SL: As a person doing QA, your job is to be the customer: to play the game as if you’re the customer, not the game designer. In other words, you have to pretend you don’t know how the game is supposed to work. So I hope that one of the things I’ve been able to do in games that I’ve made is that I’ve tried to represent the customer, to create a compelling and easy to understand (considering the complexity of the games) experience for the user. Another philosophy, which is more of a meta-philosophy and may not be specific to design, is my mantra: “Stable, Fast, and Fun: in that order”. That means that nobody cares how fun your game is if they can’t run it, if it crashes, or if it doesn’t perform well enough. Only after those things are solved can you worry about making the game fun. The other thing I think is important in my designs is intrinsic reward versus extrinsic reward. I feel very strongly that the actual play should be as rewarding as the rewards you get for play. Me fighting a monster, the actual moment-to-moment fight, should be as fun and rewarding as the gold I get off his dead body.

MH: I thought your mantra of Stable, Fast, and Fun is interesting because one of the things that really struck me about the success of World of Warcraft versus Age of Conan was the way that Blizzard intentionally set the graphics at a level where people with much slower systems could play it. Whereas Funcom went in the opposite direction.

SL: Yeah, and who won there?

MH: Who are some of the game designers you most respect, other than the obvious?

SL: That’s a great question, which, believe it or not, no one’s ever asked.

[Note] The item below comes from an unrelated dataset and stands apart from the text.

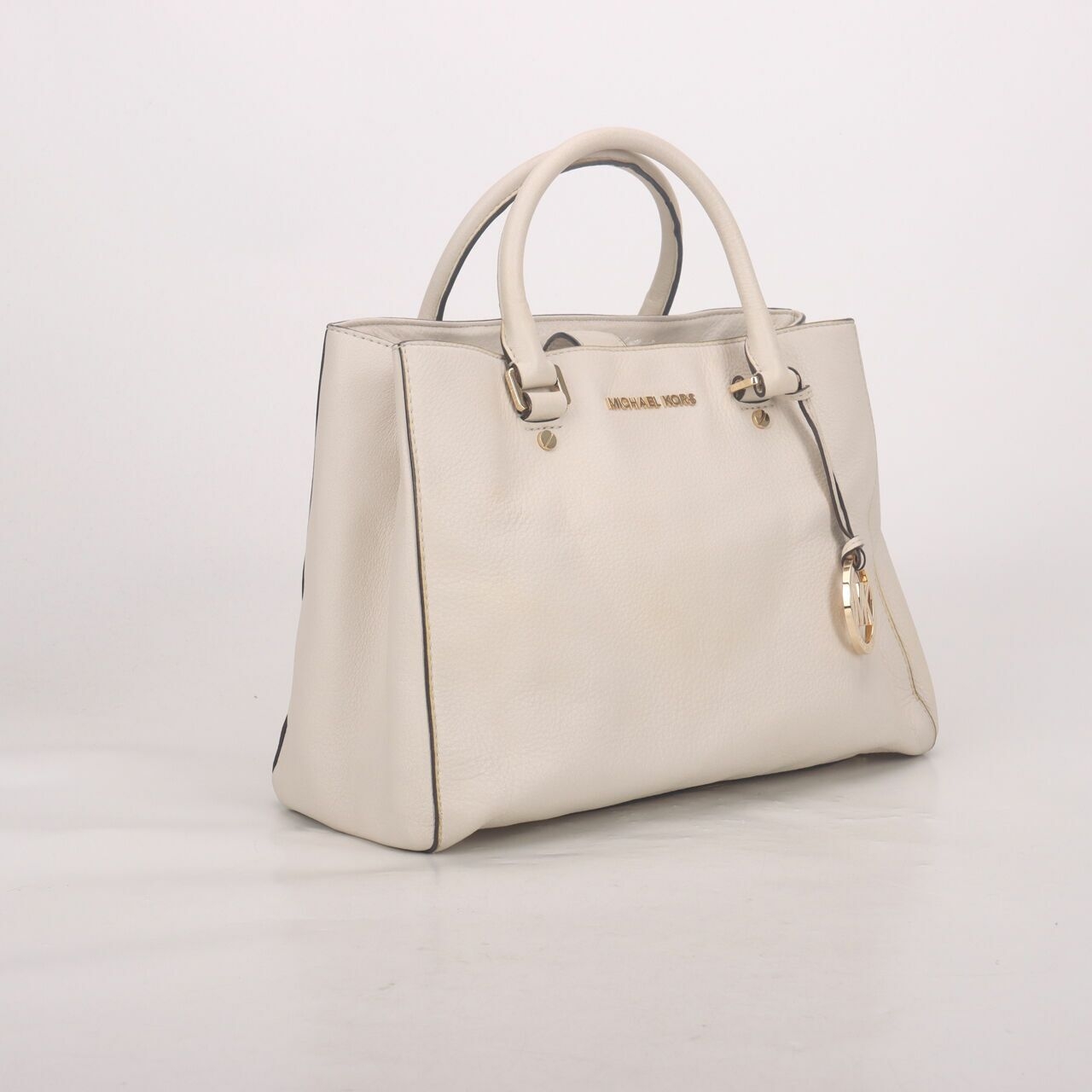 Michael Kors Bedford Broken White Satchel Bag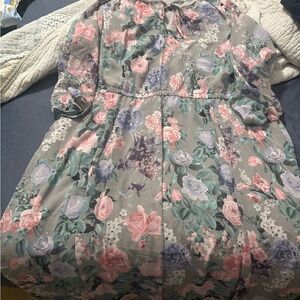 Torrid Floral Kids Dress - Pink, Gray, and Green NWT.  Maxi dress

I have a ton of respect for Harvey Smith and Warren Spector, who did Deus Ex and then Dishonored, although Dishonored was actually Harvey and Raphael Colantonio, for whom I also have a lot of respect. They’re very firm believers in a high level of simulation in the experience and I very much like that. I really like the work that Brian Fargo, Feargus Urquhart and the design team did on the original Fallouts and I also like what’s been done on the new Fallouts as well. That entirely lineage has benefited from great design. In fact, one of my favorite features of that whole series was in the last one, New Vegas, the Hardcore Mode. I’d never tried it; I just assumed it was a harder difficulty setting. But Harvey Smith mentioned to me that it’s not a difficult setting, you simply can’t carry as much stuff, you have to drink water, you have to eat, and you have to sleep. I just ate that up, I thought it was freaking brilliant. Of course I can’t carry 10,000 rounds of ammunition and 40 different weapons. I can carry a long gun, a short gun, and maybe 100 rounds of ammo.

MH: That reminds me of something I liked about the pre-Ultima, Akalabeth, the way you’d usually lose the game by starving to death somewhere in a dungeon.

SL: So those are some of my definite inspirations. Diablo and World of Warcraft, those are games that have been very inspiring for me. And Grand Theft Auto, for that open world feel of how you can go and do anything. Even though you can’t, it sure feels like it. They do a great job at creating that illusion.